For what it's worth, I'm someone who often doesn't text people back for literally weeks, sometimes I don't email back for months.
For your SO?
It's not really a sign of not caring, it's a sign of, well, it's a sign that she has two young-ish children, who probably are starting to have homework and still make messes, and a job. And hopefully some long-standing friendships that she prioritizes.
Yeah but that's like...the week. The day. The times when she has freedom she doesn't use it to talk to me. Part of that I know is she's nervous about having space to talk to me. She's just got an apartment with her kids and I get the impression she's uncomfortable talking to me around them. I get that.

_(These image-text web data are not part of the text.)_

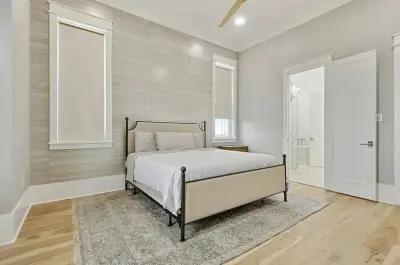 Arriaga & Partners Architecture LLC - Custom Home Builders in New Orleans, LA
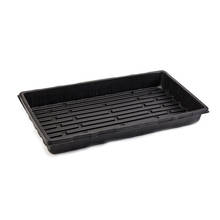 5 Packs Plastic Growing Trays Seed Tray Seedling Starter for Greenhouse Hydroponics Seedlings Plant Germination 2024 - buy cheap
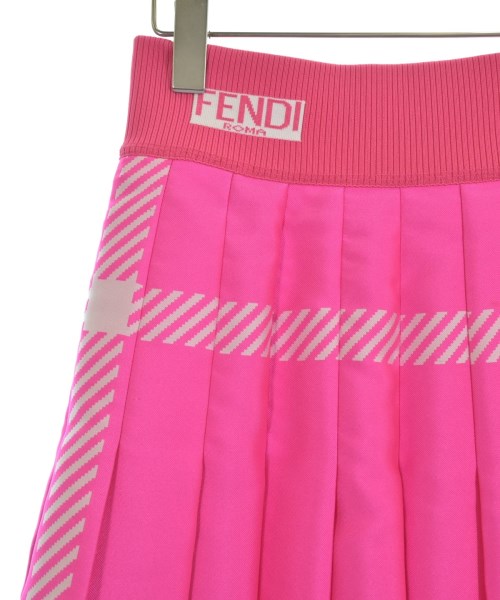 FENDI 長裙/超長裙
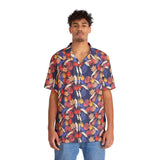 Tropical Mirage Hawaiian Shirt - Dockhead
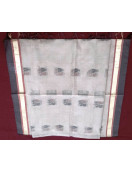 SAREES NEGAMAM WITH BLOUSE
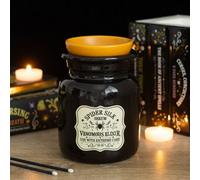 Spider Silk Serum Potion Oil Burner Wax Warmer Use Extreme Care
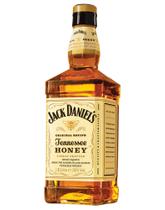 Whisky Jack Daniel's Honey 1L Original
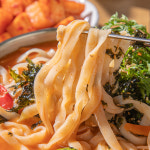 제철밥상 대전 명물 공주 바지락 얼큰이 칼국수 5인분 : 제철 밥상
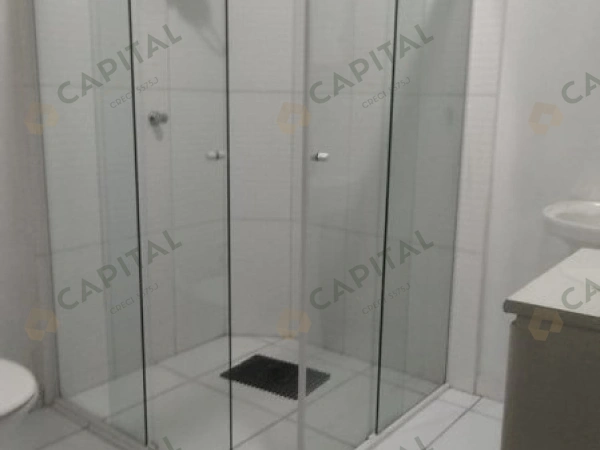 Apartamentos - Venda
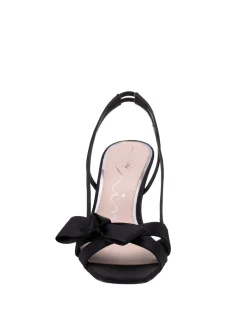 LIZETTE HEEL SANDAL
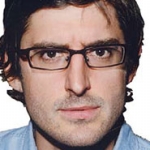 Image for Louis Theroux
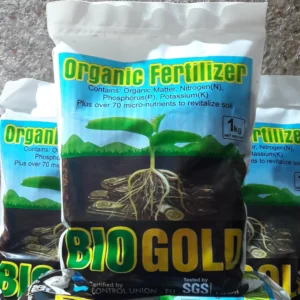 Organic Fertilizer (Compost)
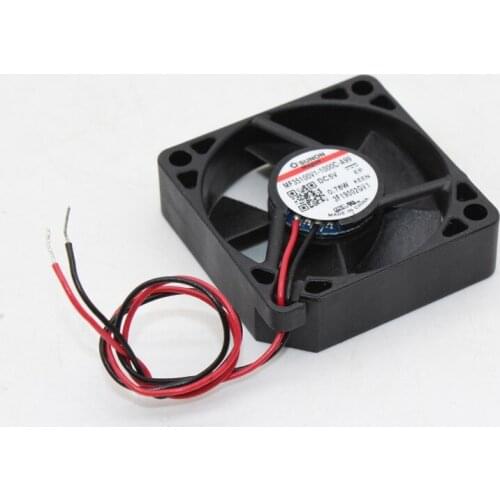 MF35100V1-1000C-A99 for SUNON 3510 DC 5V 3.5cm 35mm Micro Mute Quiet Silent Cooling Fan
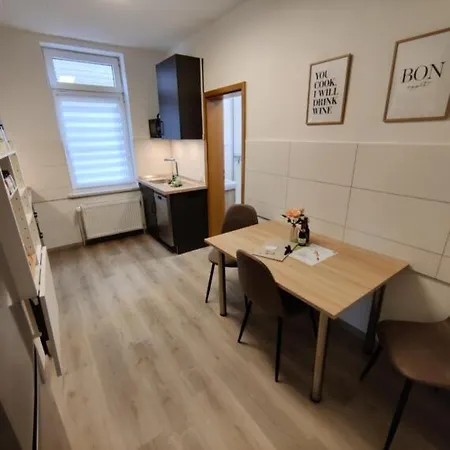 Clausthaler Herz 2 Fafewo * Clausthal-Zellerfeld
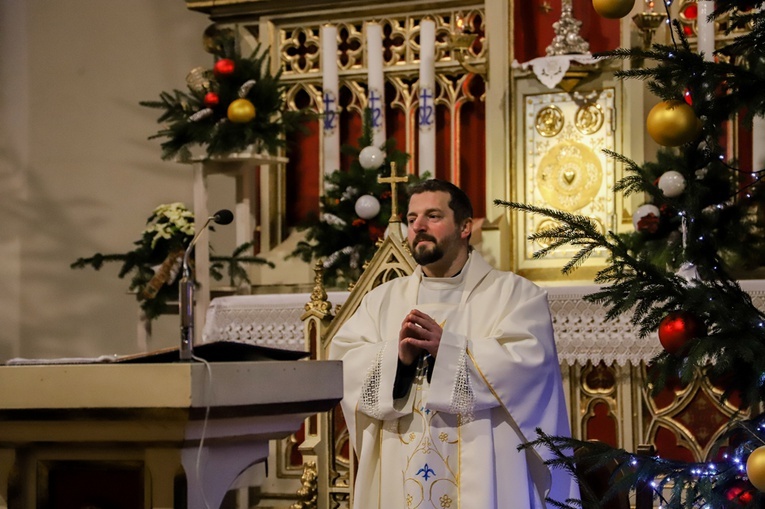 Z Gorzowa do Matki Bożej Klewańskiej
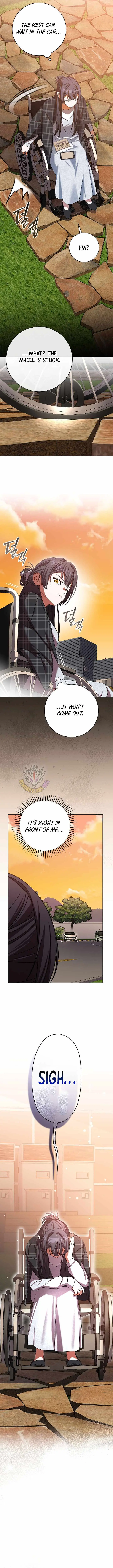Read Genius Archer’s Streaming chapter 101 image 17 on Lezhin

OTOH there's been times already where you absolutely would expect to hear from someone who is thinking about you and she was radio silent. She "shut down" over Christmas and didn't talk to anyone, me included for my birthday or for xmas or several days afterward. Other times she's said "Sorry, just fell asleep" or "Sorry, just started playing video games and stayed up until 3am." All shit I'm fine with. Except...there's more excuses than conversations. You know who is up at 3am playing video games too? This guy! All this fits into "you have your personal time too, and I want to respect that." It's not even that I think she isn't being legitimate in liking me. The conversations we have are so genuine they almost hurt. But then we have these lapses of communication where I do all the talking into the void. And that feels bad.
I would honestly just ask her at the end of work when she has an ability to exit: "hey, I don't want to make this weird, but do you want to go on a date sometime?" And if she says "yes, if I wasn't so busy," ask if you can help pay for a baby sitter (or whatever) so you can have a night out. If she says no, then too bad, but you're both adults, it's a reasonable adult thing to ask. Might as well get it over with.
So she lives 3 hours away. And we're well beyond the "do you want to go on a date" courting phase and firmly into "when do you want to be intimate" territory. Which contributes to how heady this all is but ultimately is less important to me than just getting to know her better.
We just knew last month wasn't going to work at all for anything. So sometime this year, she's said she's going to make time to be free so I can come see her. January or later, I dunno and I doubt she does either. But if she can barely keep up with texting me outside of work hours, it kind of undermines my confidence she can make space for an entire weekend. I don't think it's a money thing, or the lack of a baby sitter thing. I think she has all that if she needs. It's making the actual decision to do it. Again, I haven't been putting more energy into wondering when I'm going to go down and see her when most of my energy is being spent on "Do I actually get to talk to her?" first.
It's like, just because you're infatuated with someone and have talked at length about all that entails...it doesn't automatically turn into a commitment to pursue anything. Just having someone to flirt and dream with can be enough to keep people going for a while. Her background and mine put us both on semi-equal footing; neither of us have had a lot of relationships. I don't think she's playing games with me or anything so juvenile.....I'm just sort of wondering if she's too scattered to really focus on anything but her priorities. She's at least intimated as much for last month and I was like "I get it." But much as she might like to have the time, I'm starting to wonder if she's capable of actually making any. I mean if she isn't mindful enough to send a follow up text saying "sorry, just ran out of energy tonight, will try to talk to you tomorrow", should I expect her to make the effort to clear an entire weekend? Again, I've spent all of about 30 minutes in her actual presence since we met in the context of a business trip. There's so much actual relationship stuff we haven't tried to do yet.
*sigh* Mostly this is just my baggage. I'm probably taking it too personally or trying to crystal ball too hard on it. It's difficult not to feel a keen sense of disappointment though every time it happens. I'm a hyper communicator. By personality, by profession. And personal responsibility to people in relationships, romantic or otherwise, saying what you mean, meaning what you say, are all big with me.
Put it this way. If I said "I'll call you tonight" and then couldn't, I would at least say something that night to the effect of "Sorry, can't talk tonight after all but I'm thinking of you."
The truth is, all I have is free time to wonder, dream, worry when I'm done with work for the day. She doesn't. Her heart is already filled by something pretty significant; mine isn't. That puts us on unequal footing.